Pengunjung juga dapat mencari kebutuhan pencahayaan mereka di galeri pencahayaan Philips Lighting yang rapi, bersih, menarik dan modern dalam memamerkan koleksi lampu pilihan, yang ditata berdasarkan fungsi dan aplikasinya. Galeri pencahayaan ini juga memajang sejumlah produk pilihan – dari lebih dari 300 produk pencahayaan yang ditawarkan – dalam berbagai simulasi ruangan untuk menarik dan menginspirasi pelanggan.
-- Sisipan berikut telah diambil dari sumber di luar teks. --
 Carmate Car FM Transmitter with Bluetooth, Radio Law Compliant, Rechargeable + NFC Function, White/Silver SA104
Khusus untuk pelanggan di sini, Philips Home Lighting Store Cibubur mengusung Koleksi Produk Dekoratif yang terdiri dari berbagai macam lampu downlight, LED tape, lampu-lampu dengan desain slim line, trunkable dan pencahayaan luar ruangan.
Semua produk lampu yang ditawarkan di Philips Home Lighting Cibubur telah terintegrasi dengan lampu LED yang hemat energi, yang akan membantu konsumen untuk mengurangi konsumsi energi, dan pada akhirnya dapat mengurangi biaya listrik secara signifikan. Lampu berbasis LED ini juga tahan lama dan ramah lingkungan.
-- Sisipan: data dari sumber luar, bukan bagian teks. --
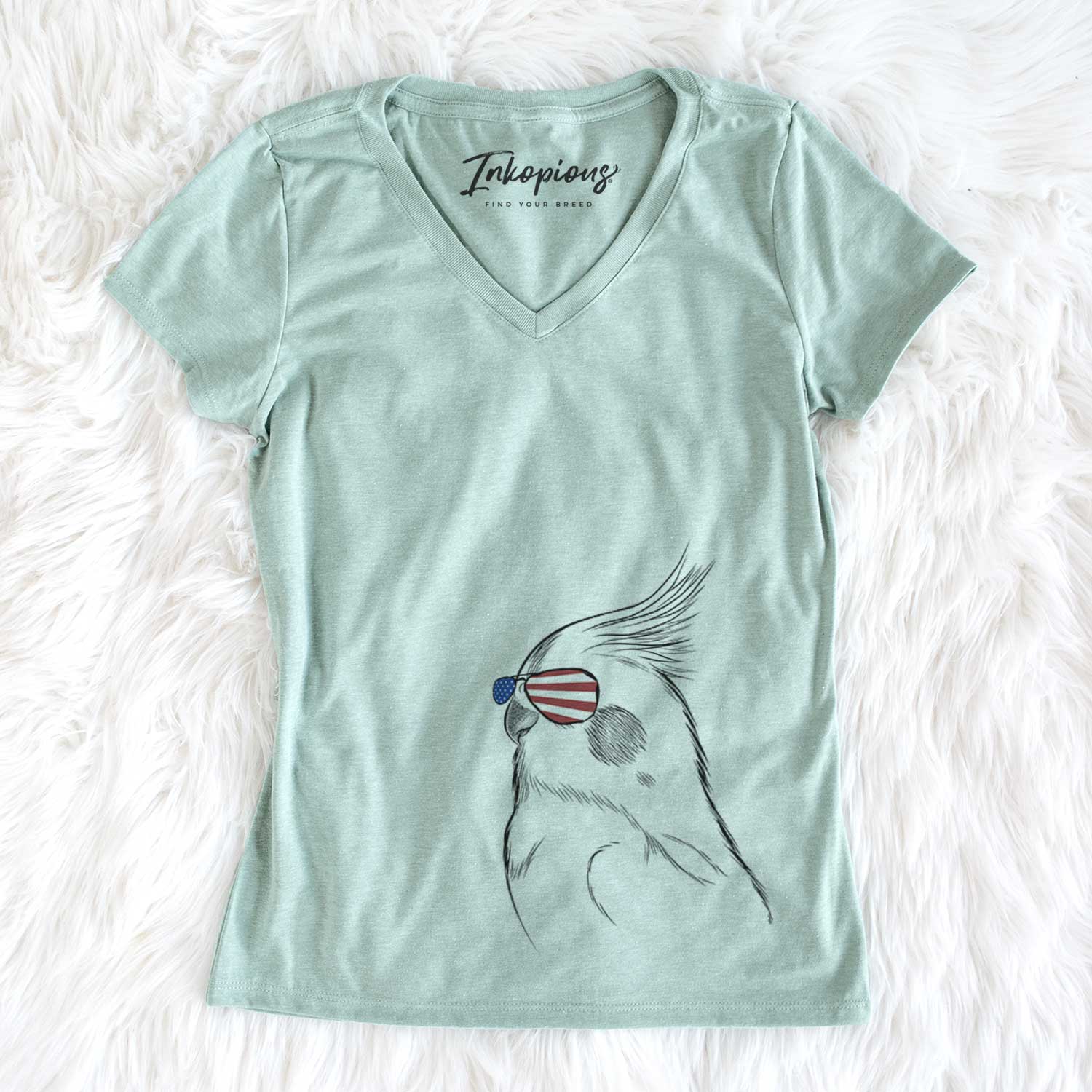 USA Charlie the Cockatiel - Women's Perfect V-neck Shirt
“Pencahayaan modern berfungsi melebihi dari sekedar penyinaran; hal ini telah mengubah cara masyarakat menggunakan dan memperlakukan cahaya. Di Philips Lighting, kami percaya dapat menginspirasi masyarakat melalui pencahayaan inovatif yang dapat merubah dan memperbaiki atmosfer dan suasana dalam sebuah ruangan,” kata Chandra. “Kami ingin berbagi antusiasme kami akan pencahayaan ini dengan para konsumen di Cibubur.”
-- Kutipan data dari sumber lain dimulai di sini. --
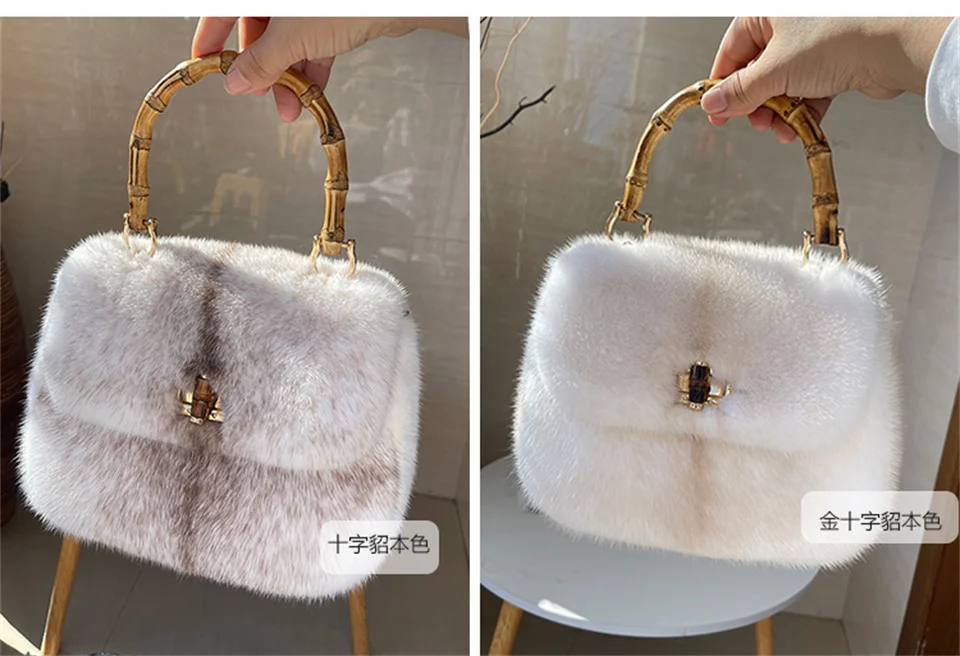 Premium-Qualität Natürliche Nerz-Damenhandtasche Modische Neue Damen-Bambus-Umhängetasche Trendige Flauschige Fell-Handtasche – Detail 12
Bermitra dengan PT. Citra Cempaka, galeri pencahyaaan ini berlokasi di Ruko Citra Grand R6/32, Jalan Alternatif Cibubur, Cileungsi. Selama masa pembukaan galeri, Philips Home Lighting Store Cibubur memberikan diskon hingga 70 persen dan untuk pembelian minimal satu juta rupiah, pelanggan bisa mendapatkan lampu Philips Renewable seharga 350 ribu rupiah secara gratis. Syarat dan ketentuan berlaku dan promosi berlangsung hingga 31 Desember 2016.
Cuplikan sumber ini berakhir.